Figures 2, 3 and 4 show the results of measurements taken at the Hulvers-horn foundry using 100% regenerate under standard production conditions.
As indicated above, the quality of the reclaimed sand used for producing moulds corresponds to the quality of the standard furan resin binder. Even though the reclaimed sand used in the standard system contained a higher level of contaminants, BTX emissions (Figure 2), sulphur dioxide emissions (Figure 3) and released odours (Figure 4) were all significantly reduced by using the Askuran LE furan resin system.
The benzene concentration of the used sand was not measured as part of this study. The pollutant emission profile, however, readily leads to the conclusion that the benzene concentration is also drastically reduced in the used sand/reclaimed sand compared to the standard furan resin system.
The comprehensive sand and casting tests performed both on a small and large foundry scale made it possible to introduce a binder system on the foundry market that establishes a solid base on which the difficult emission problem can be relieved.
Special components absorb pollutants
The development of the Clean Top method is yet another milestone in reducing emissions. Clean Top is a flowable coating with absorptive properties for application on the external surfaces of moulds regardless of the manufacturing process involved.
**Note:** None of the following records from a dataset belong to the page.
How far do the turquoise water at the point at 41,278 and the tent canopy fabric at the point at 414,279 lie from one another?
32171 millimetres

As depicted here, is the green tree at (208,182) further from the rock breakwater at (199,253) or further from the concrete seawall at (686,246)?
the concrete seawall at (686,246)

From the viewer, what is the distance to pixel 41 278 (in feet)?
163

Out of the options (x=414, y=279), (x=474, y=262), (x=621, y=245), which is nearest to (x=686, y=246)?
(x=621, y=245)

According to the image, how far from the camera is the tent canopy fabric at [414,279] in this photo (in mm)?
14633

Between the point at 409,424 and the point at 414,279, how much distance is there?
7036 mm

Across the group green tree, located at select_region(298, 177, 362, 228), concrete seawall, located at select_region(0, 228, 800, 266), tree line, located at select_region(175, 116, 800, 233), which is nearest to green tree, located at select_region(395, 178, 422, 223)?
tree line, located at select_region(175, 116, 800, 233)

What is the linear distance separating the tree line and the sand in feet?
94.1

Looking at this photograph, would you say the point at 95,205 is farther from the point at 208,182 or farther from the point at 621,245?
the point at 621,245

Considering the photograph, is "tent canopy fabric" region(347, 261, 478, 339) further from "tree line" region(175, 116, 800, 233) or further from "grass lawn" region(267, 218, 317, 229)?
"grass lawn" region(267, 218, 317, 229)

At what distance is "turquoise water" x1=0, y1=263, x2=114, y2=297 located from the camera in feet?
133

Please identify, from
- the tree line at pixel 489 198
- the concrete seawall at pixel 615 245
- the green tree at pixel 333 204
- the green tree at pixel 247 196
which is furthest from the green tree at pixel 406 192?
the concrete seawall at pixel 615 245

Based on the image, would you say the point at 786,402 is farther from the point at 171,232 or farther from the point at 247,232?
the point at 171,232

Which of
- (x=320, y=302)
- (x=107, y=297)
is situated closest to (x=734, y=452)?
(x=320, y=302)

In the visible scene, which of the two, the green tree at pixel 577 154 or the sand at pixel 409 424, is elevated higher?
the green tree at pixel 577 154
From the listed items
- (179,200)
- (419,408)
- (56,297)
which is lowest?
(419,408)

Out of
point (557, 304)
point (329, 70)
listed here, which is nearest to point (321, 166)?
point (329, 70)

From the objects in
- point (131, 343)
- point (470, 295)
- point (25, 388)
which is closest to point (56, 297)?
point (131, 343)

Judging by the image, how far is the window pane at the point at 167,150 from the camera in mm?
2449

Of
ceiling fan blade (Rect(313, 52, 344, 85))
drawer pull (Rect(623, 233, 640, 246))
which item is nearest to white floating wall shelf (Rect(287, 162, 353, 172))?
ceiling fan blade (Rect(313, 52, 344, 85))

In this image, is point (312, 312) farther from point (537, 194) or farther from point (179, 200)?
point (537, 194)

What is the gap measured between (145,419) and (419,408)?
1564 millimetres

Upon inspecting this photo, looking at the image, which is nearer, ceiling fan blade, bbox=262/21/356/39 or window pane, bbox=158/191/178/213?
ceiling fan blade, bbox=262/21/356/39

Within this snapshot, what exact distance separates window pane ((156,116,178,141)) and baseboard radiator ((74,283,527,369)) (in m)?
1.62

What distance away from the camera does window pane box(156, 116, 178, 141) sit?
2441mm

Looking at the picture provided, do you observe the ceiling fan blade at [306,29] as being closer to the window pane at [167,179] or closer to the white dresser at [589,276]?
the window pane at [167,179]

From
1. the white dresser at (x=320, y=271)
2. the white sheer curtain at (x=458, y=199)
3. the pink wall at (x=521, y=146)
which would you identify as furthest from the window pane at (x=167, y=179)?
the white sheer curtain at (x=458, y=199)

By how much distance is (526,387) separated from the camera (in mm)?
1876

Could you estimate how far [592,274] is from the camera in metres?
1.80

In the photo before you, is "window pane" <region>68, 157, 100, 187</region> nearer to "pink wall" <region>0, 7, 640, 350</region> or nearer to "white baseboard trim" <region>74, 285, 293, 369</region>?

The coating contains especially active components that can absorb odours and pollutants - particularly sulphur dioxide - from the casting gases. The coating is most effective when wet and should therefore not be dried.
The absorptive materials can be adjusted to the composition of the binder used in the moulding material. This is a feature that makes it possible to optimize the impact of the binder for exhaust gas treatment. The diagram in Figure 5 illustrates how the coating works. The coating layer (indicated by the arrow) is applied prior to casting, making it possible to selectively absorb pollutants from the exhaust gas when they are formed during the casting process.
A furan resin mould, consisting of a standard system and 100% regenerate, was filled with liquid iron at a temperature of roughly 1400°C. Figure 6 illustrates the absorption capacity of an active Clean Top layer. As the figure shows, the coating layer keeps a large portion of pollutants (BTX) from escaping. The same phenomenon also applies to the reduction of odours and sulphur dioxide.
Figure 7, on the other hand, reveals a slight increase in the concentration of benzene and sulphur in the coating layer after casting, a result that clearly demonstrates the absorptive effect of this mould cover.
Although the Clean Top process and the Askuran LE furan resin system both yield measurable reductions in exhaust gas odours and pollutants, the concentrations of the substances discussed here can also be reduced to a very low level through the combination of both processes. Figure 8 documents the addition of the good results that the modes of action have towards lower pollutant levels. The interaction of these two methods greatly reduces odour and SO2 concentrations.
The Clean Top method offers foundries an approach to reduce all unwanted emissions which is also easy to implement. The Askuran LE furan resin system is an excellent example of a primary step towards avoiding emissions. Both methods – whether used separately or in combination (Figure 9) – make an effective contribution towards improving environmental conditions in foundries.